A primal-dual fixed-point algorithm for minimization of the sum of three convex separable functions

TL;DR

This paper introduces a primal-dual fixed-point algorithm designed to efficiently minimize the sum of three convex separable functions, applicable to image processing and signal recovery tasks with multi-regularization.

Contribution

It proposes a fully splitting symmetric scheme that involves explicit gradient and linear operators, avoiding inner iterations for certain nonsmooth functions, and proves its convergence.

Findings

Efficiently solves multi-regularization problems in image processing.

Demonstrates convergence and efficiency through fused LASSO and image restoration examples.

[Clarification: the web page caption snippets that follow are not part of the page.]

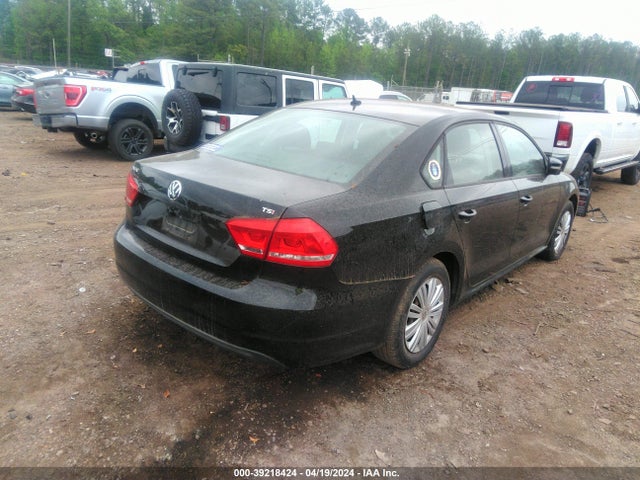 1VWAT7A36EC051552 Volkswagen Passat 1.8t S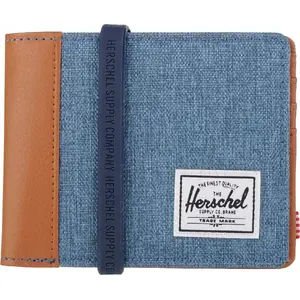 Wallet Herschel Hank RFID Wallet II 11150-05727, Blue, One size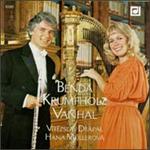 Benda/Krumpholz/Vanhal: Sonatas For Flute And Harpsichord - Hana Mullerova (harp); Vitezslav Drapal (flute)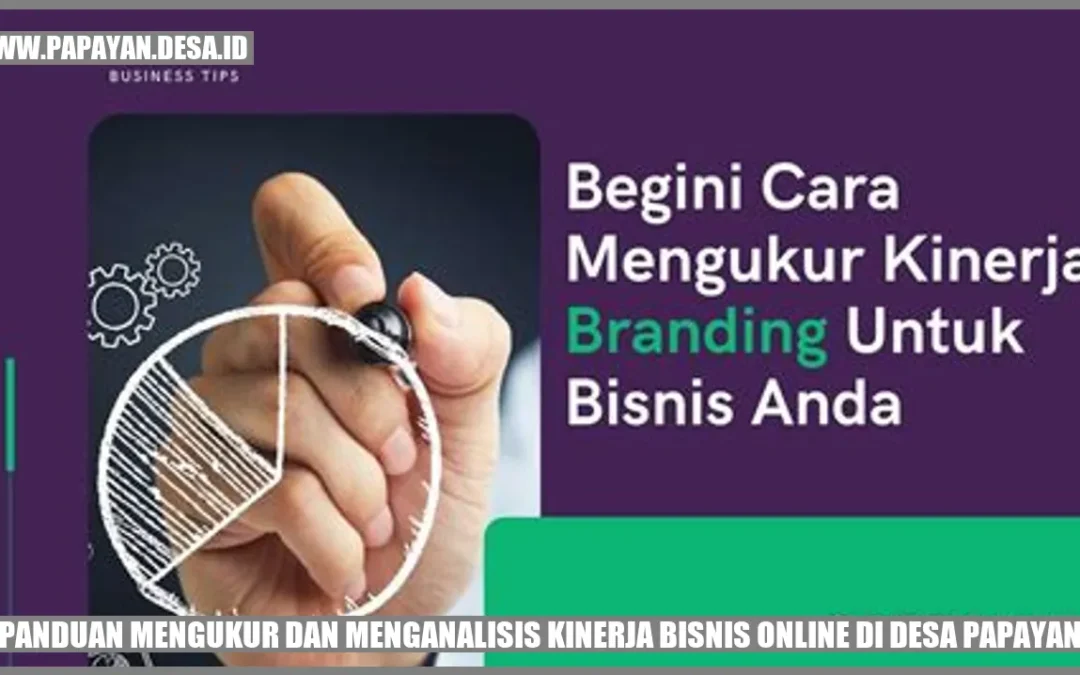 Panduan Mengukur dan Menganalisis Kinerja Bisnis Online di Desa Papayan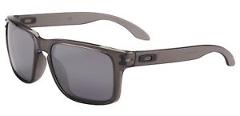 Oakley Holbrook Sunglasses OO9102-24 Grey Smoke | Black Iridium Lens | BNIB |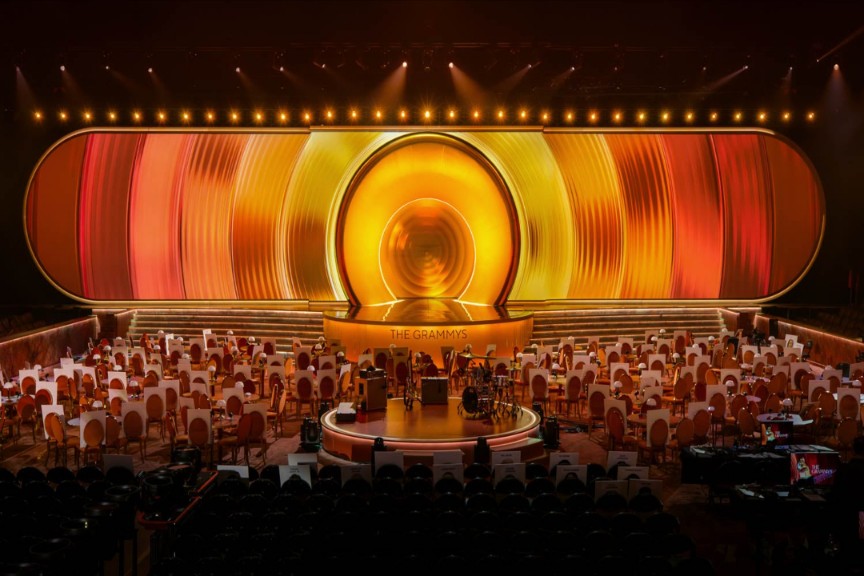 Desain Panggung Grammy 2026, 3 Fakta dari Studio di Balik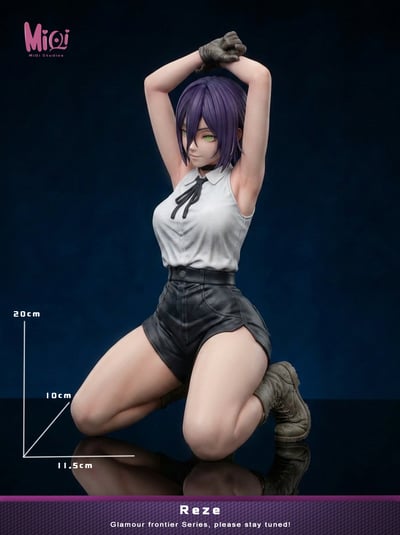 【預購】鏈鋸人 魅力女孩系列 制服蕾賽 X MiQi-Studio3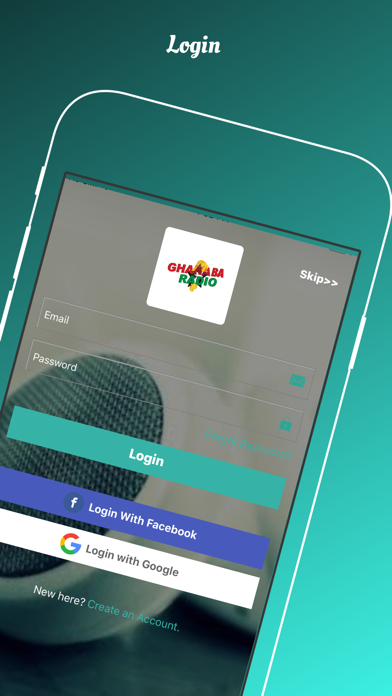 Screenshot #2 pour Ghanaba Radio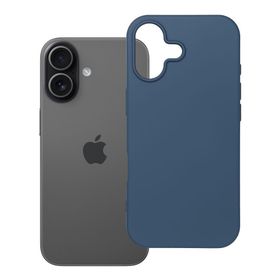 Etui na iPhone 17 Silicone niebieskie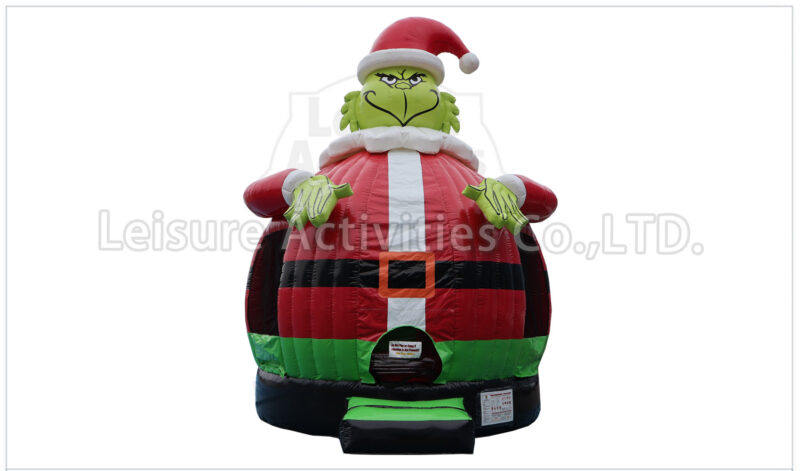 grinch bounce house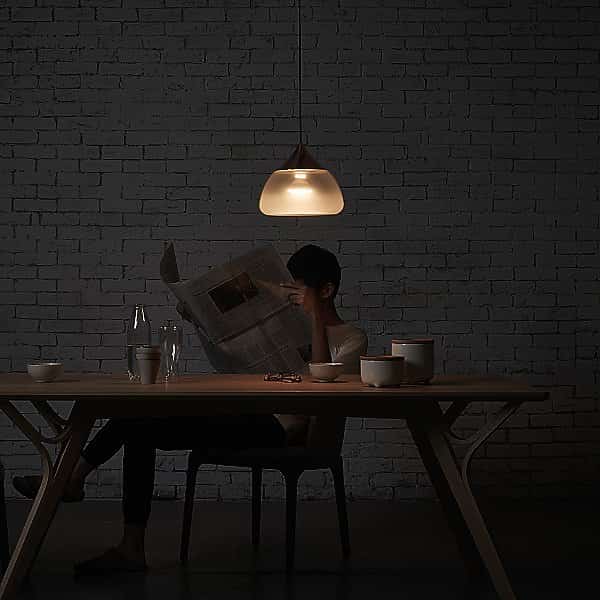 Y1 Home Decore [USA]Seed Design Mist Pendant Light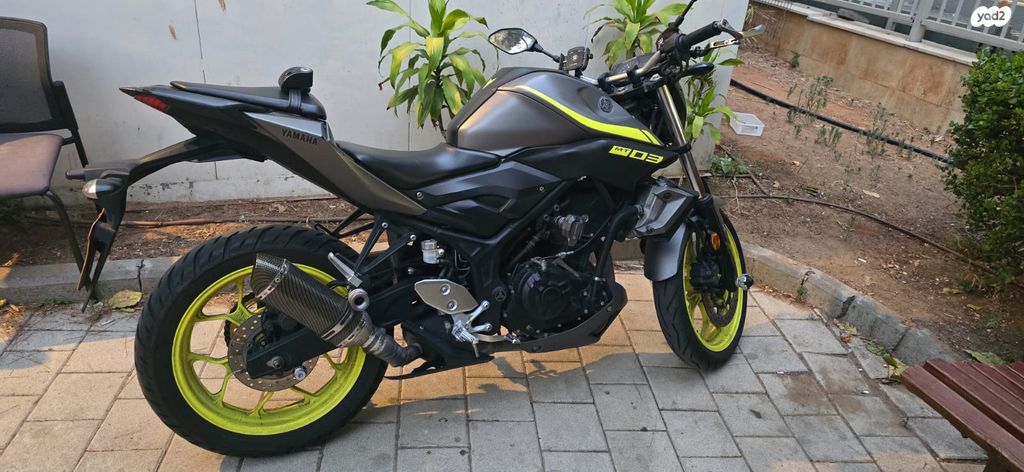 מודעת רכב ימאהה MT-03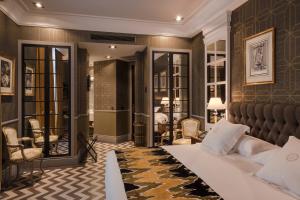 Relais & Chateaux Heritage Hotel,Paseo De La Castellana>>Madrid,5 star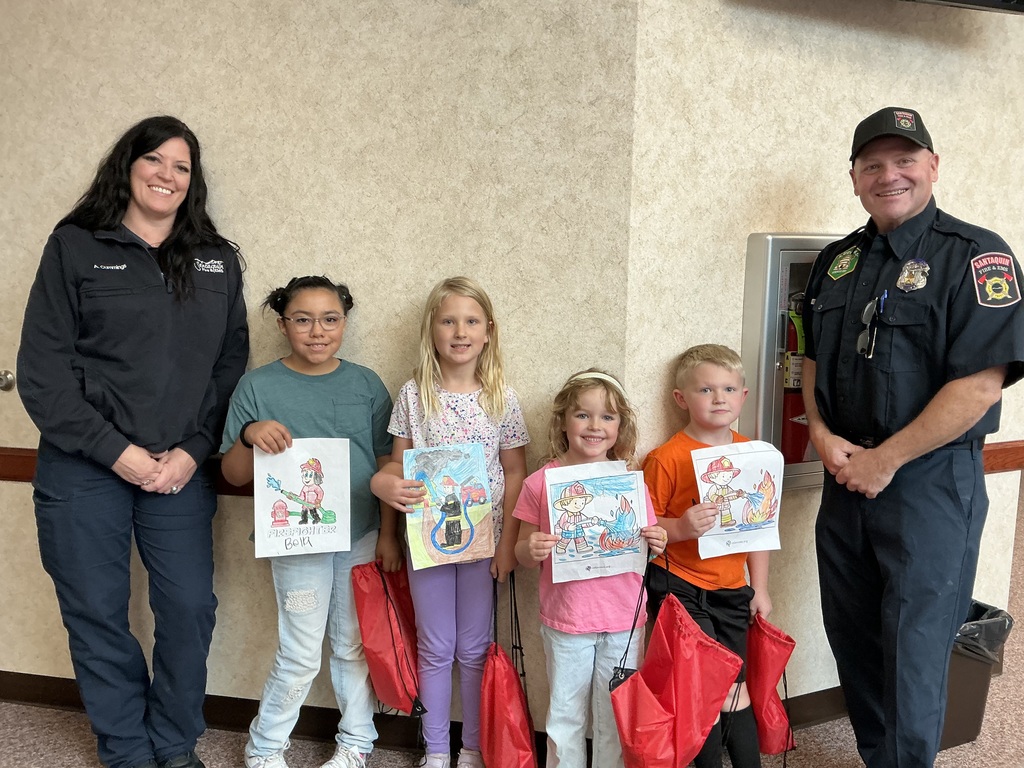 Fire dept coloring contest winners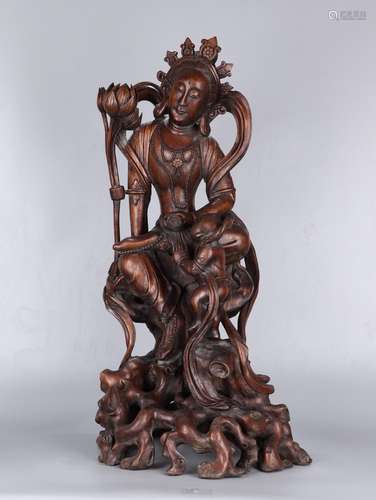 - aloes, carved statues big furnishing articles "child ...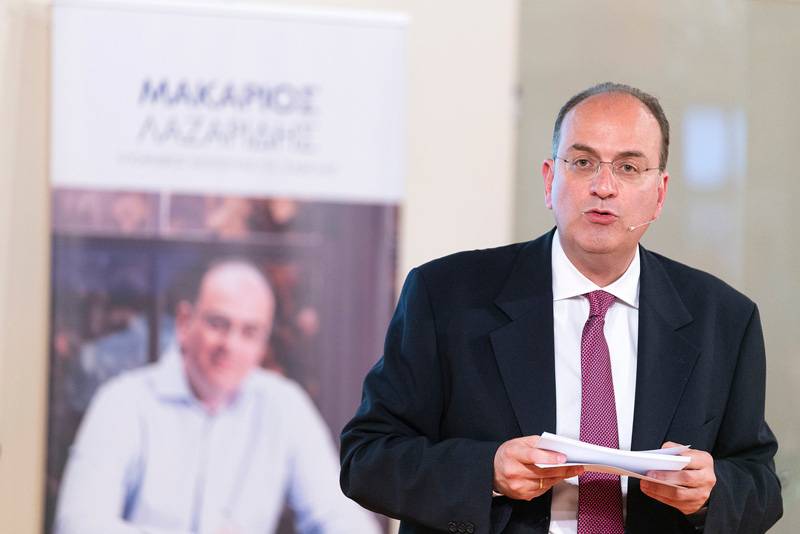   Μακάριος Λαζαρίδης: «Ανάπτυξη, εξωστρέφεια, συνέργειες και καινοτομία οδηγούν στο μέλλον την Καβάλα»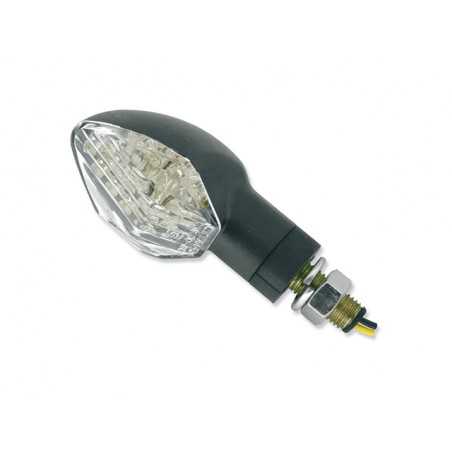 V PARTS SET, PAIR, TURN SIGNAL, LEDS, SHORT ARM, UNIVERSAL 9645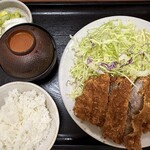 とんかつ 竹亭 田上店 - 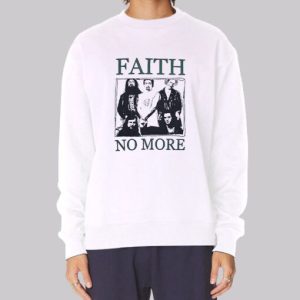 Vintage Band Faith No More Sweatshirt 4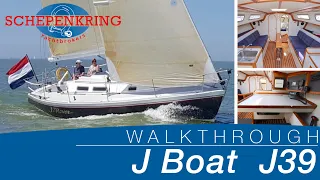 J Boat J39 for sale | Yacht Walkthrough | @ Schepenkring Lelystad | 4K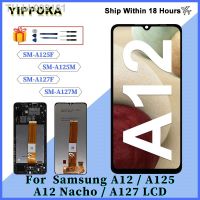 ◎▦◄ New Original LCD For Samsung Galaxy A12 LCD Display A12 Nacho Touch Screen A125 Digitizer Assembly A127 A125F LCD Replacement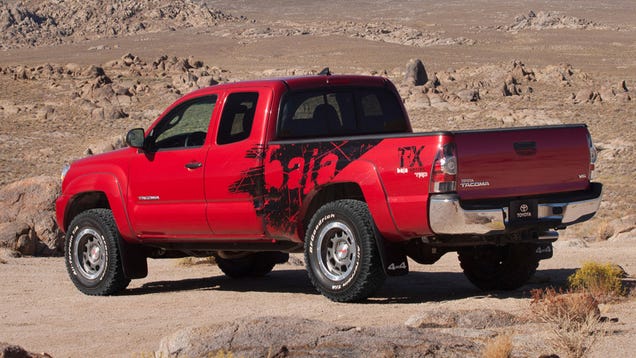 Toyota goes Raptor-lite with Tacoma Baja edition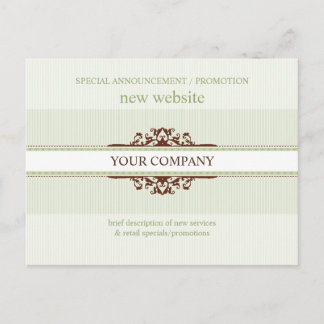 TARJETA POSTAL PROMOCIONAL :: 3B divina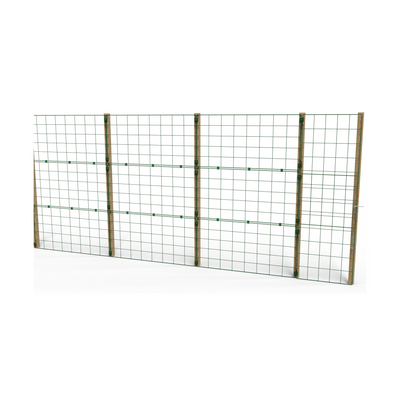 1.5m High Outdoor Mesh Panel Fence – Ideal for All Dogs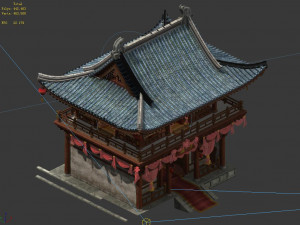 tongxinfang-bu yaofang Modelo 3D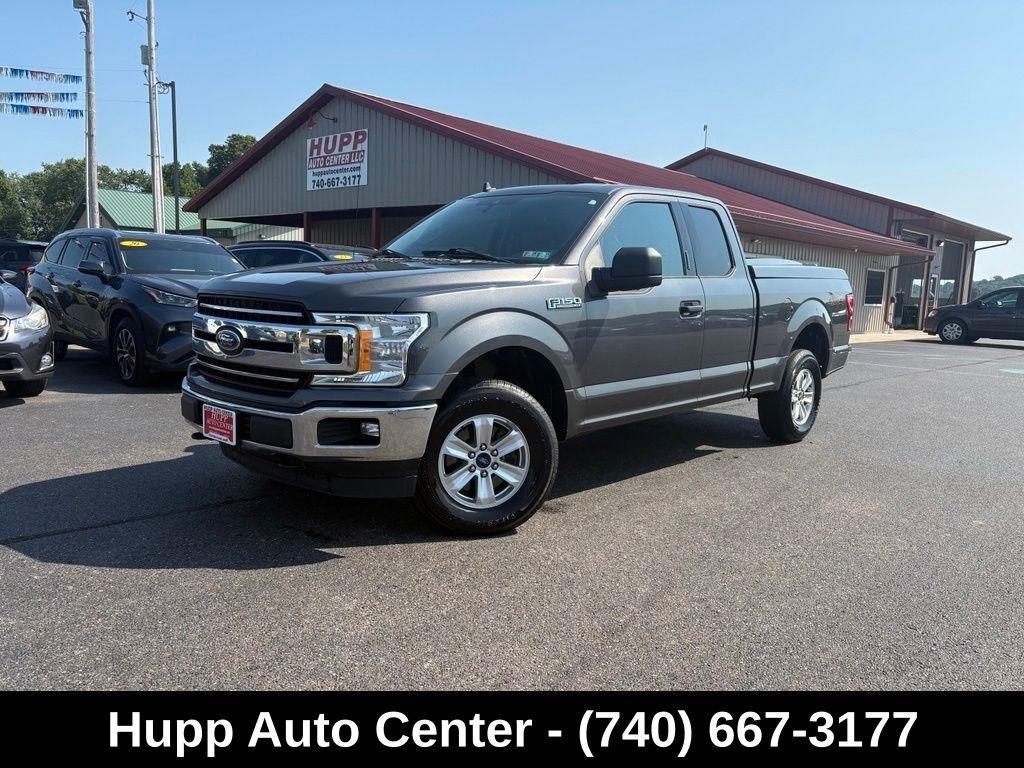 2020 Ford F-150 XL 4WD SuperCab 6.5' Box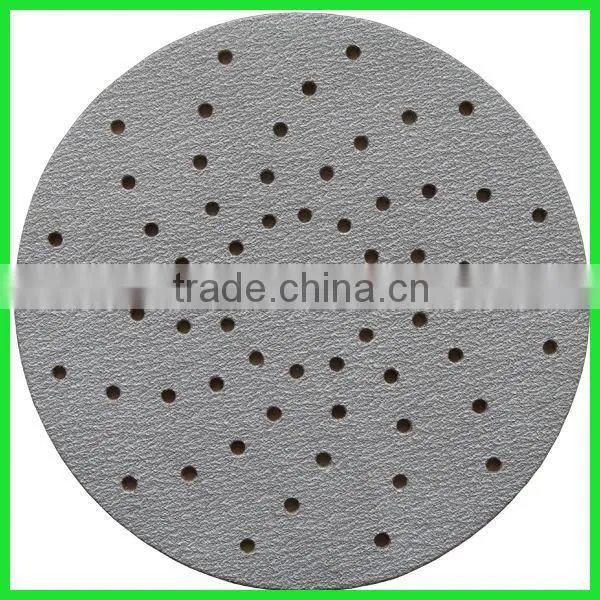 Round Sanding Discs With Holes photo-5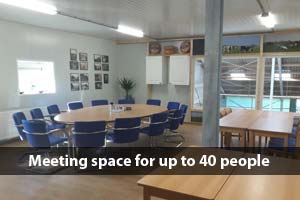 Meeting space for up to 40 people: Koezicht Beemster!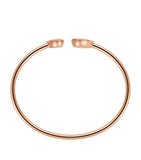 Chopard Happy Diamonds rose gold bangle, UK version
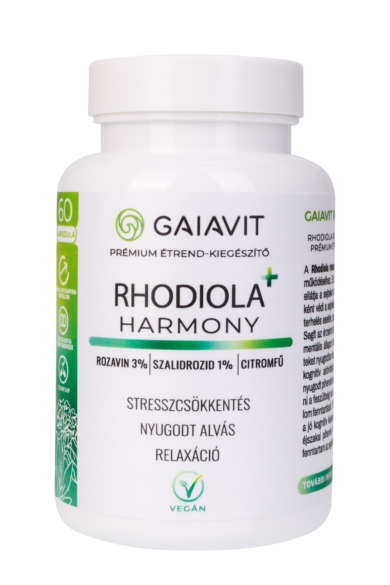 Gaiavit Rhodiola Harmony - 60 kapszula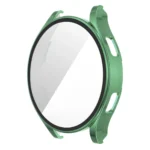 Uray store Watch 5 44mm Wall Camlı Kasa Ekran Koruyucu - Koyu Yeşil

Handles nonsmooth functions with easily computable proximity operators.

Abstract

Many problems arising in image processing and signal recovery with multi-regularization can be formulated as minimization of a sum of three convex separable functions. Typically, the objective function involves a smooth function with Lipschitz continuous gradient, a linear composite nonsmooth function and a nonsmooth function. In this paper, we propose a primal-dual fixed-point (PDFP) scheme to solve the above class of problems. The proposed algorithm for three block problems is a fully splitting symmetric scheme, only involving explicit gradient and linear operators without inner iteration, when the nonsmooth functions can be easily solved via their proximity operators, such as $\ell_1$ type regularization. We study the convergence of the proposed algorithm and illustrate its efficiency through examples on fused LASSO and image restoration with non-negative constraint and sparse regularization.